• **The task**
Print all of the entries exactly, minus the pictures.

• **Supplied data**

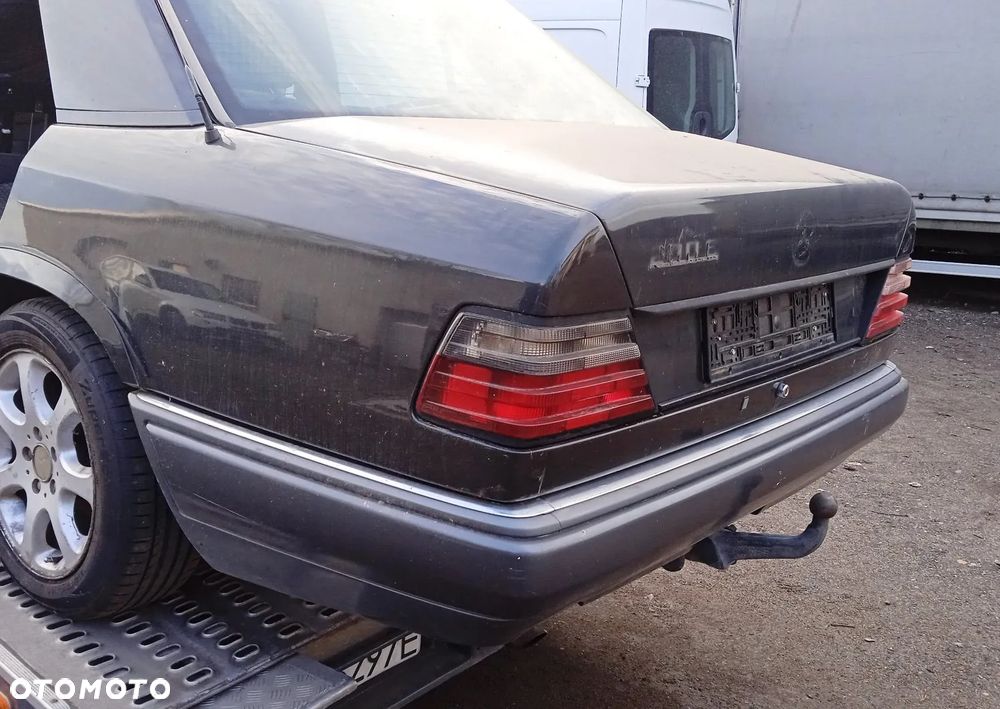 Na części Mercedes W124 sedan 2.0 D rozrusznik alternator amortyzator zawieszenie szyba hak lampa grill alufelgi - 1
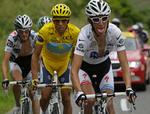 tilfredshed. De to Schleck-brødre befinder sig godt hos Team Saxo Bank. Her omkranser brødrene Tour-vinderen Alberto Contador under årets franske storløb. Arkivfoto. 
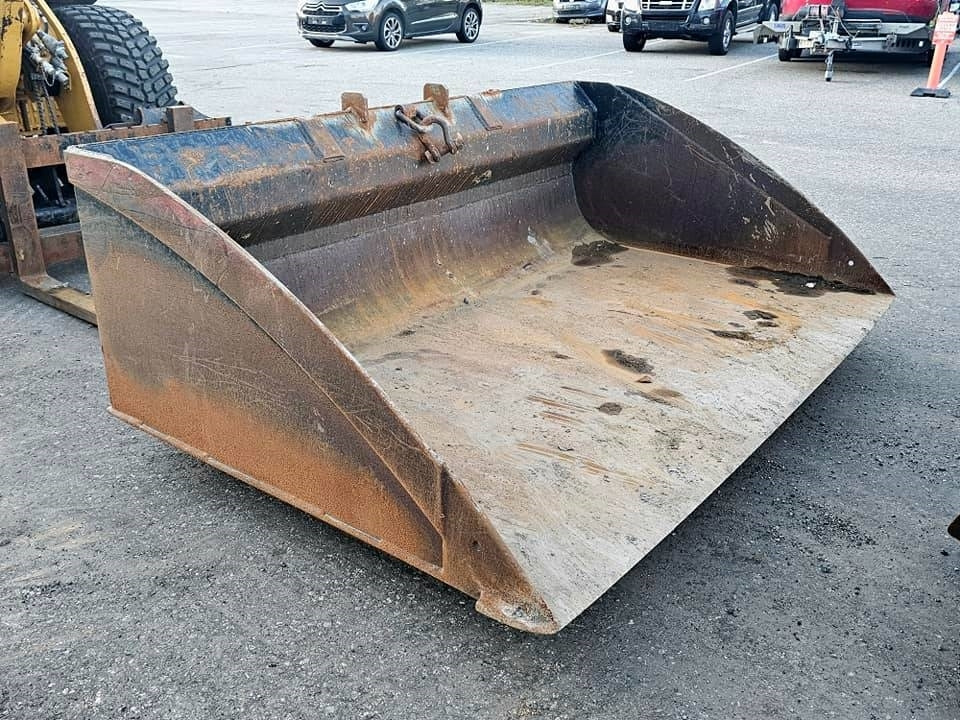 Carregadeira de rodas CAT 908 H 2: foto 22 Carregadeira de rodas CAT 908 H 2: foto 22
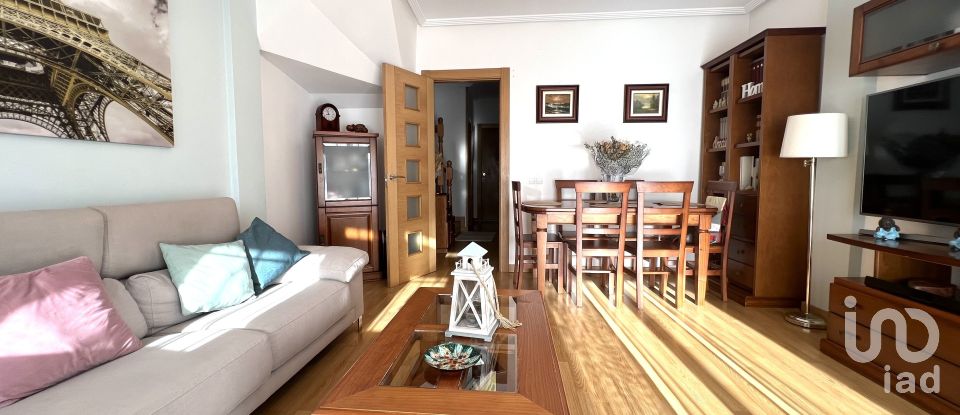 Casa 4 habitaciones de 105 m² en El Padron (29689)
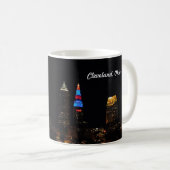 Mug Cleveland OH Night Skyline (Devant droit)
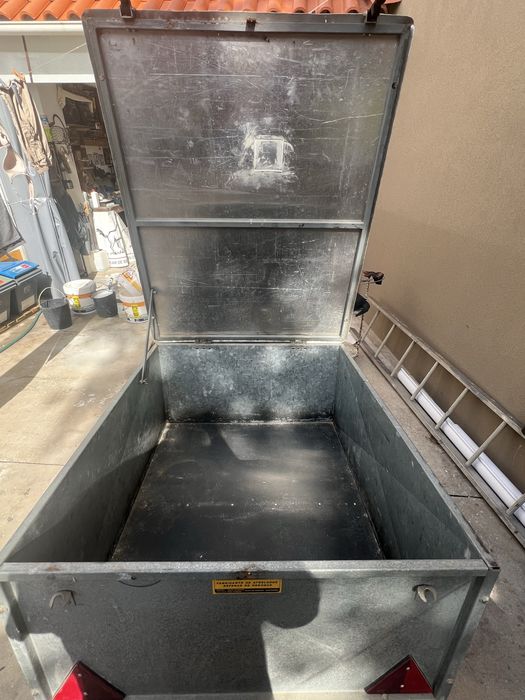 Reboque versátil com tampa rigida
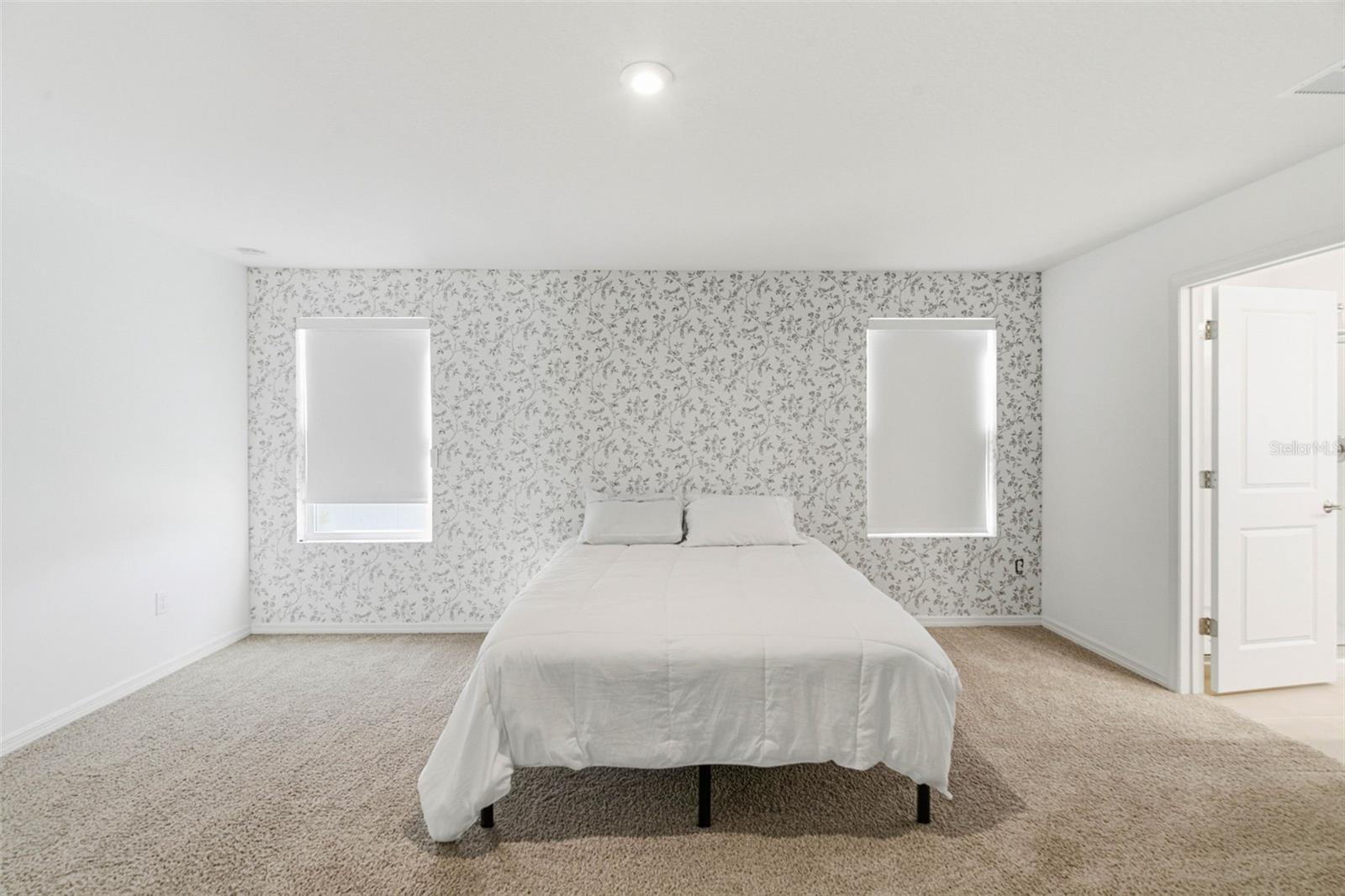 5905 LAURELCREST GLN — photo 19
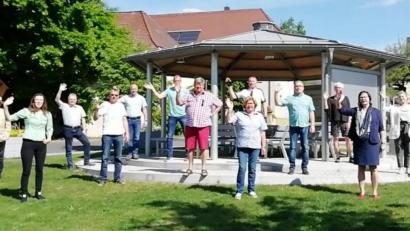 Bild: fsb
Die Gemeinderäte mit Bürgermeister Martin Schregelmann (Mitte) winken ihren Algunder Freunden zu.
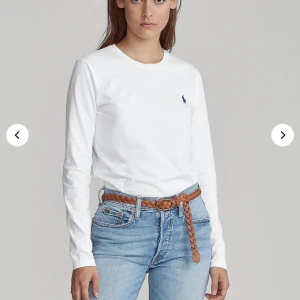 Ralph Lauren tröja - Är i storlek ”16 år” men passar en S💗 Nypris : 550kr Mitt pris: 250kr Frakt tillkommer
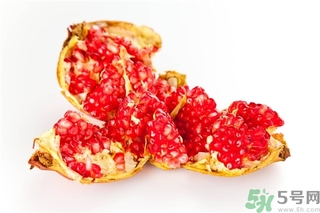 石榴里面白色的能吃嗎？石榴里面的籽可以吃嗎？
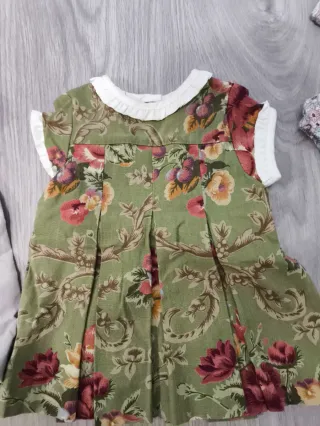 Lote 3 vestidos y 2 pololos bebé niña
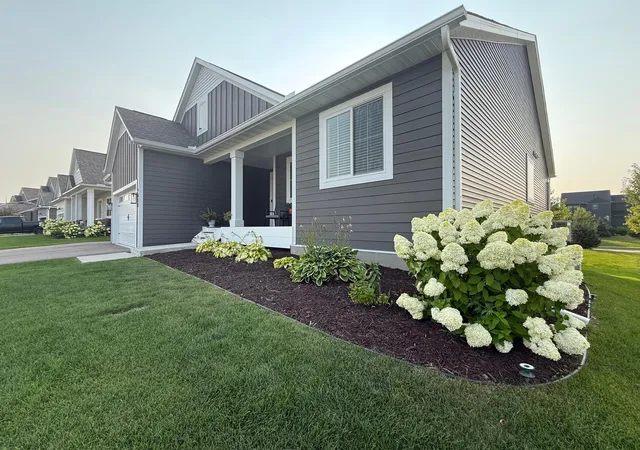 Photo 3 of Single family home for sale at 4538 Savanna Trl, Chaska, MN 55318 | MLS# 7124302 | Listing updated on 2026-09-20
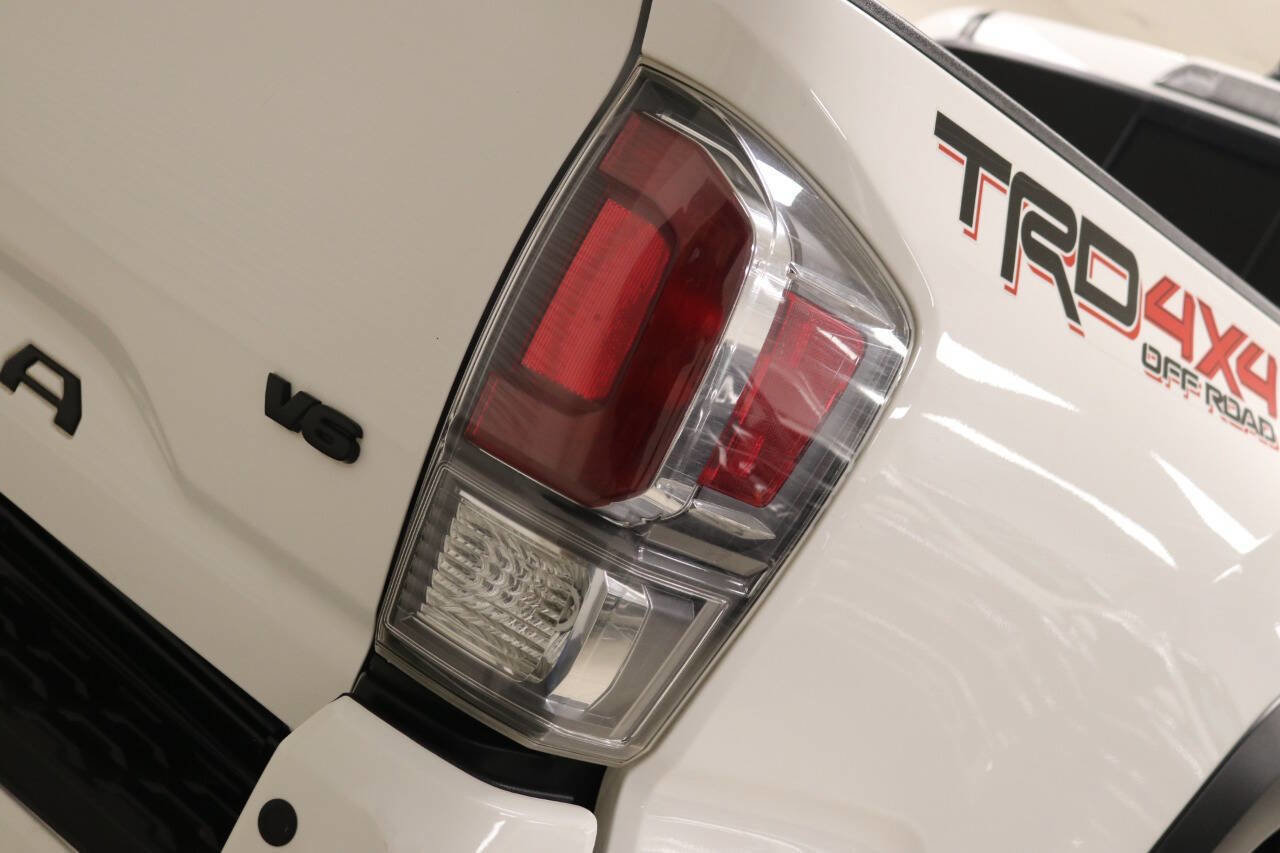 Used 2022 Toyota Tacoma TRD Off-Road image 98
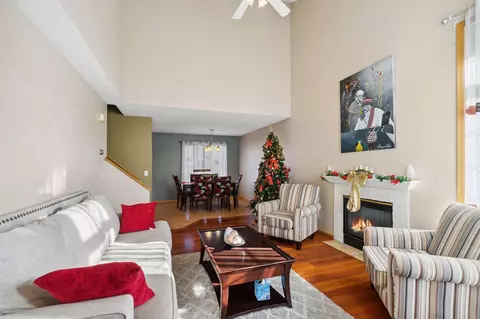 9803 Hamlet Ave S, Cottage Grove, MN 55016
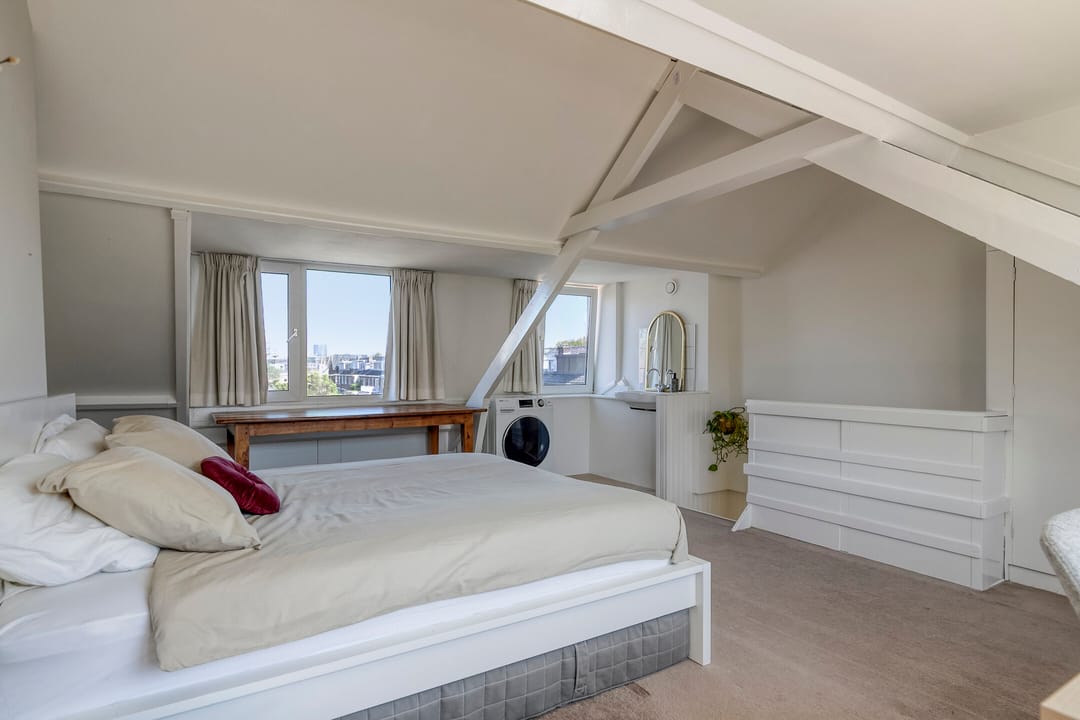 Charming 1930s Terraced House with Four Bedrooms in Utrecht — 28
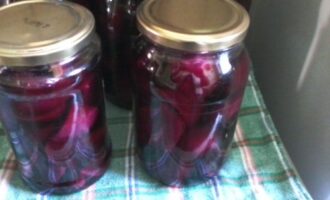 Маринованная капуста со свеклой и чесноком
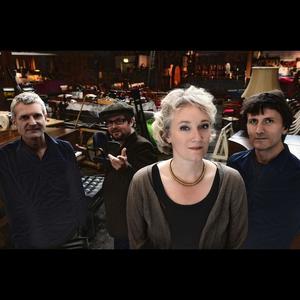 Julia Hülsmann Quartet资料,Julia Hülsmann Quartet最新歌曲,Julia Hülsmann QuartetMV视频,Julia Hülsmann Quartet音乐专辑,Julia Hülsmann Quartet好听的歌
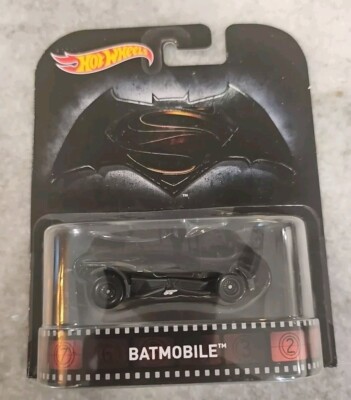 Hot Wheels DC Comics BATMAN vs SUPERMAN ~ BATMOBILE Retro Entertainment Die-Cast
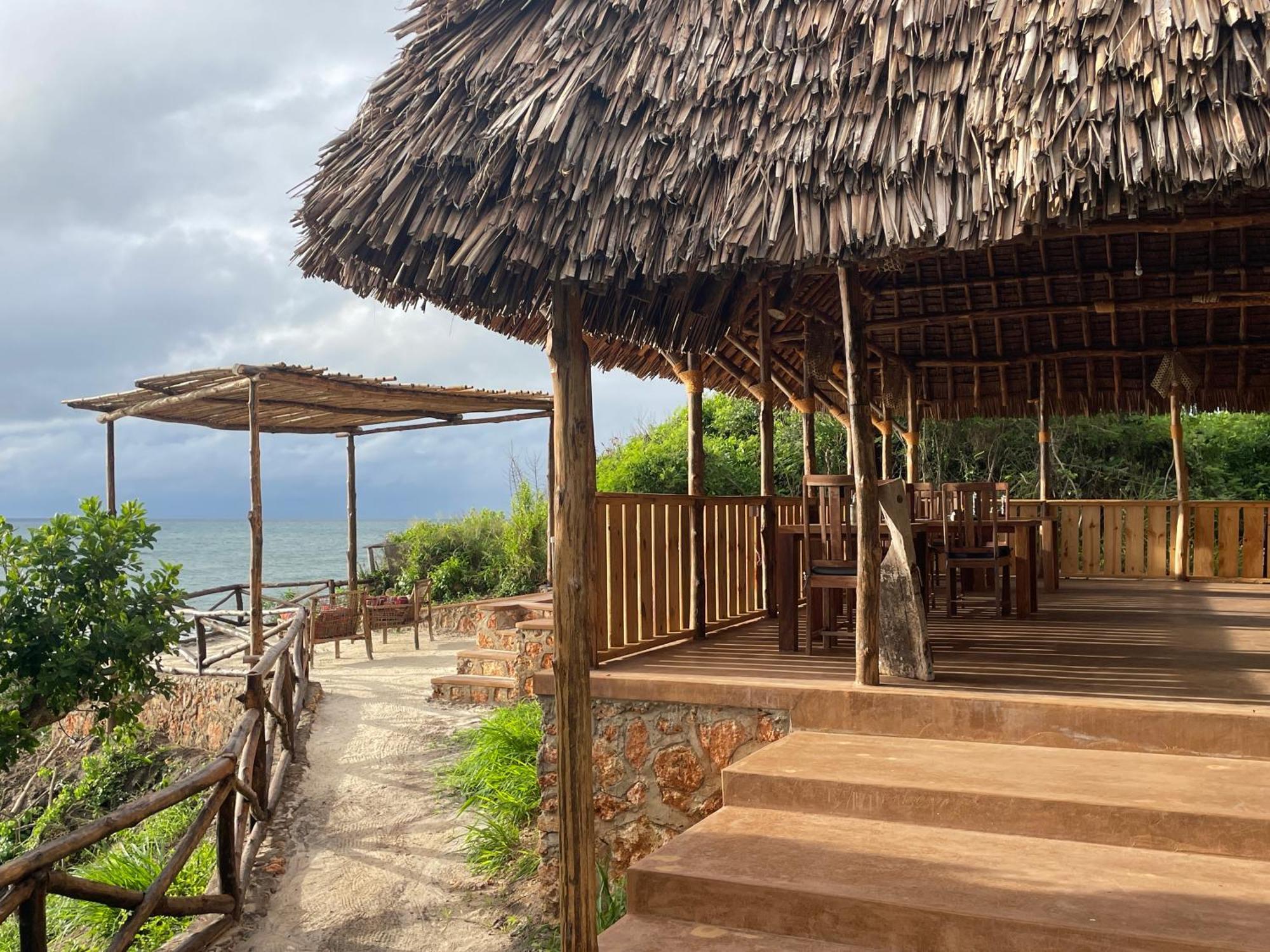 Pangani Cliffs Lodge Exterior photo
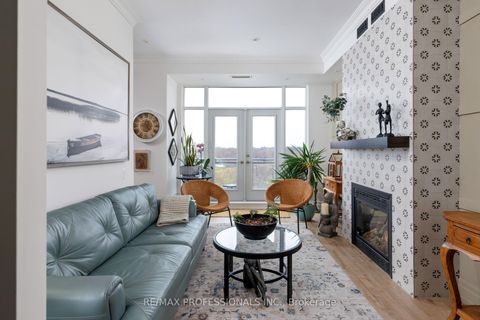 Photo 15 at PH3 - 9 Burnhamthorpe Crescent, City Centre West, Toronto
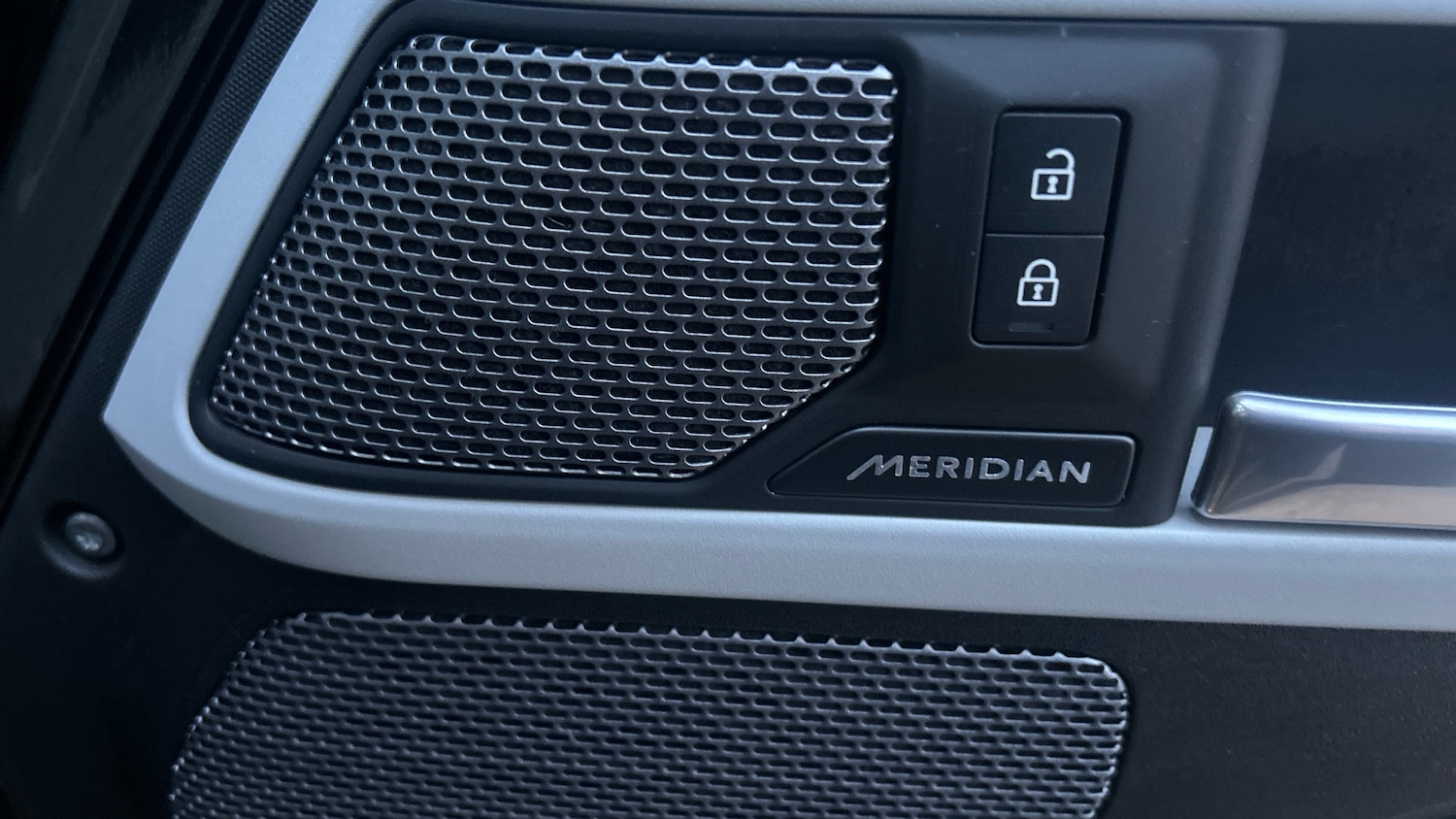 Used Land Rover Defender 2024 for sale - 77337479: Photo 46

• **Exercise result**
 Na części Mercedes W124 sedan 2.0 D rozrusznik alternator amortyzator zawieszenie szyba hak lampa grill alufelgi - 1
 tilfredshed. De to Schleck-brødre befinder sig godt hos Team Saxo Bank. Her omkranser brødrene Tour-vinderen Alberto Contador under årets franske storløb. Arkivfoto. 
 Carregadeira de rodas CAT 908 H 2: foto 22 Carregadeira de rodas CAT 908 H 2: foto 22
 Casa 4 habitaciones de 105 m² en El Padron (29689)
 Mug Cleveland OH Night Skyline (Devant droit)
 Reboque versátil com tampa rigida
 5905 LAURELCREST GLN — photo 19
 Bild: fsb
Die Gemeinderäte mit Bürgermeister Martin Schregelmann (Mitte) winken ihren Algunder Freunden zu.
 Ralph Lauren tröja - Är i storlek ”16 år” men passar en S💗 Nypris : 550kr Mitt pris: 250kr Frakt tillkommer
 石榴里面白色的能吃嗎？石榴里面的籽可以吃嗎？
 Lote 3 vestidos y 2 pololos bebé niña
 Photo 3 of Single family home for sale at 4538 Savanna Trl, Chaska, MN 55318 | MLS# 7124302 | Listing updated on 2026-09-20
 Used 2022 Toyota Tacoma TRD Off-Road image 98
 9803 Hamlet Ave S, Cottage Grove, MN 55016
 Charming 1930s Terraced House with Four Bedrooms in Utrecht — 28
 Маринованная капуста со свеклой и чесноком
 Julia Hülsmann Quartet资料,Julia Hülsmann Quartet最新歌曲,Julia Hülsmann QuartetMV视频,Julia Hülsmann Quartet音乐专辑,Julia Hülsmann Quartet好听的歌
 Hot Wheels DC Comics BATMAN vs SUPERMAN ~ BATMOBILE Retro Entertainment Die-Cast
 Pangani Cliffs Lodge Exterior photo
 Photo 15 at PH3 - 9 Burnhamthorpe Crescent, City Centre West, Toronto
 Used Land Rover Defender 2024 for sale - 77337479: Photo 46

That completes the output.